Set down, word for word, every line of the material below from the one containing "moneypedia_F26177.jpg" through the one containing "佳能（Canon）PG840", but none of its pictures.

RECORDS SUPPLIED:
· · · · · · ·
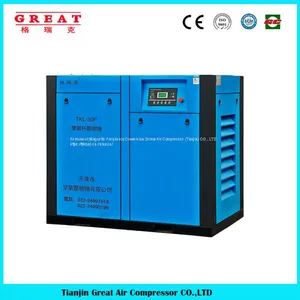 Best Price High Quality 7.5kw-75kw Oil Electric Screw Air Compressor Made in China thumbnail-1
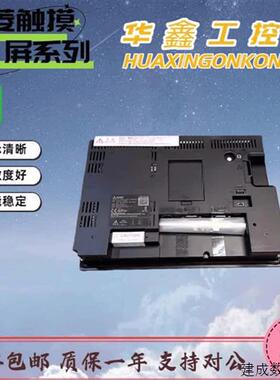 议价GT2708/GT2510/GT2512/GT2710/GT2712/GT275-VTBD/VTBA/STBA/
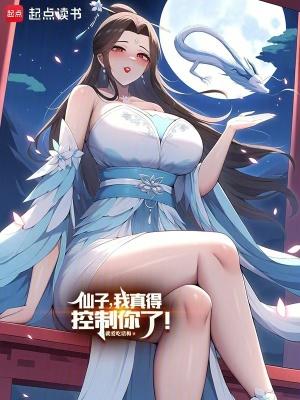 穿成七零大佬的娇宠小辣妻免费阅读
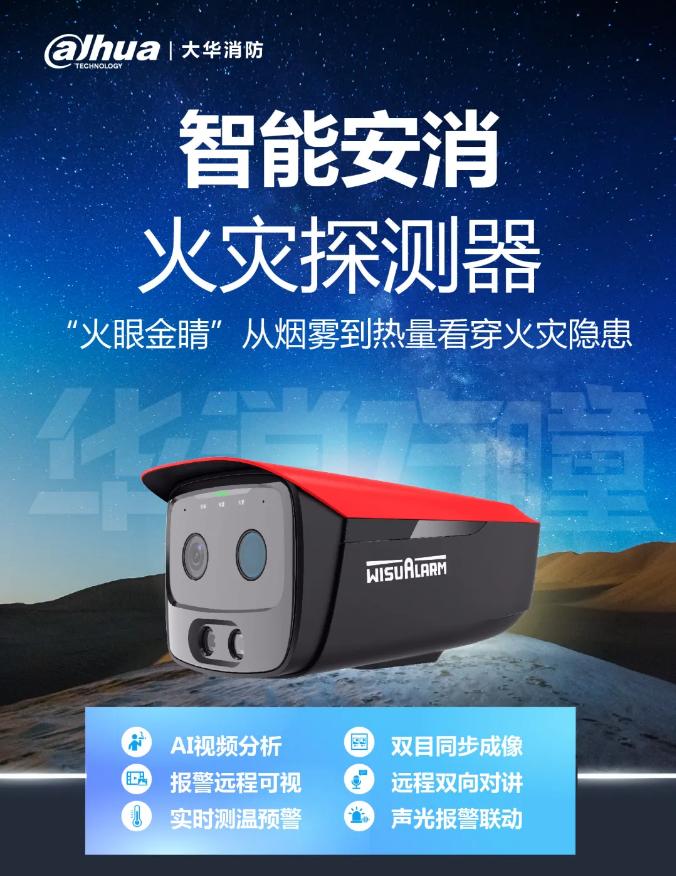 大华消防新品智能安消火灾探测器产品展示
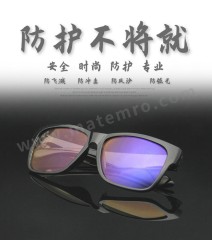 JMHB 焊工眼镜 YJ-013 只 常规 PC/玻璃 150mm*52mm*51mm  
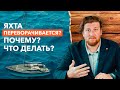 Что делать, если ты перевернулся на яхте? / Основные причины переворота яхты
· · · · · · ·
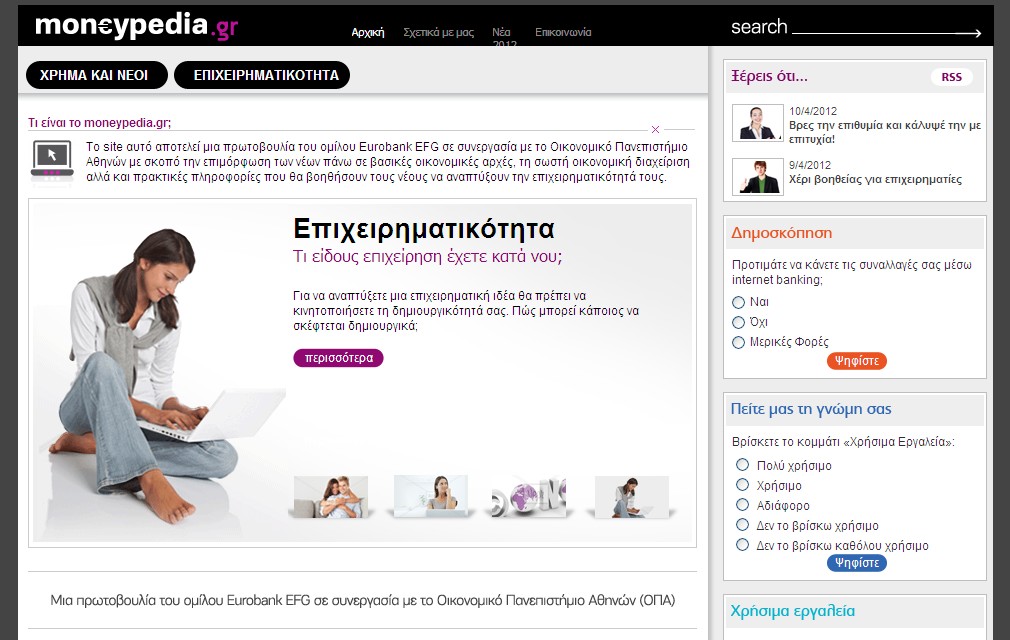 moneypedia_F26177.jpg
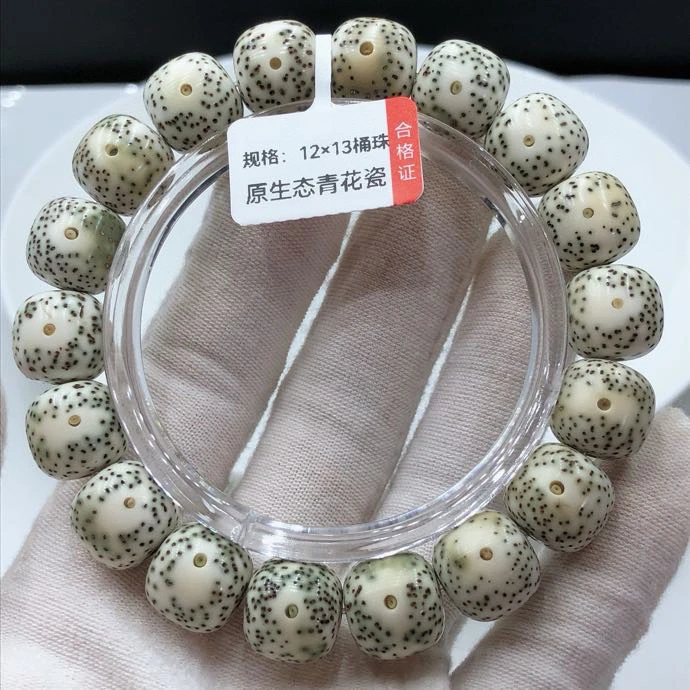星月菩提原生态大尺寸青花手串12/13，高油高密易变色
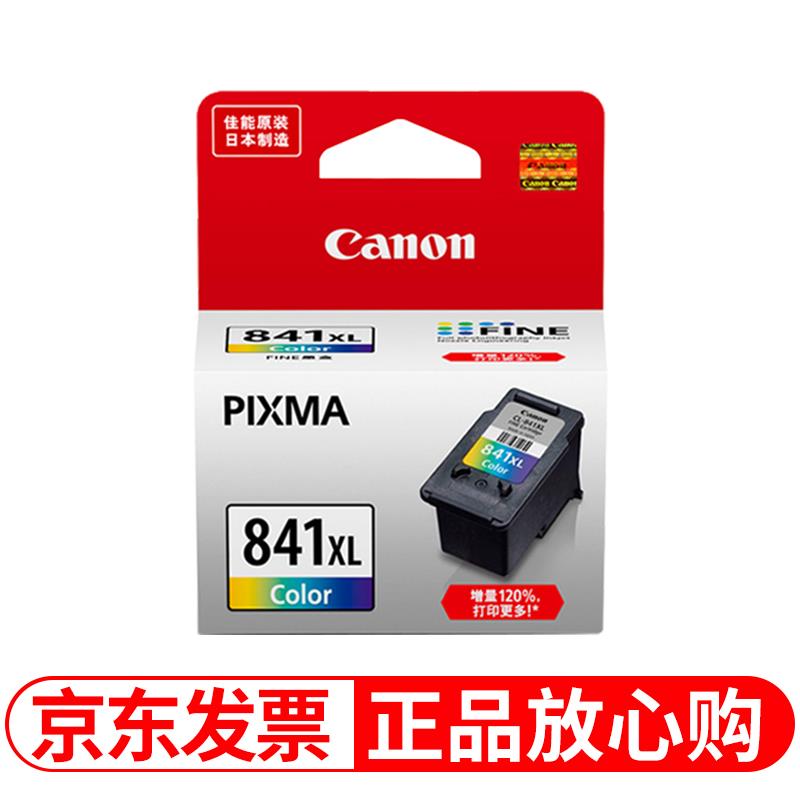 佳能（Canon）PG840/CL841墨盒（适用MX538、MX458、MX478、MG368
· · · · · · ·
ANSWER FOR THIS EXERCISE:
 moneypedia_F26177.jpg
星月菩提原生态大尺寸青花手串12/13，高油高密易变色
 佳能（Canon）PG840/CL841墨盒（适用MX538、MX458、MX478、MG368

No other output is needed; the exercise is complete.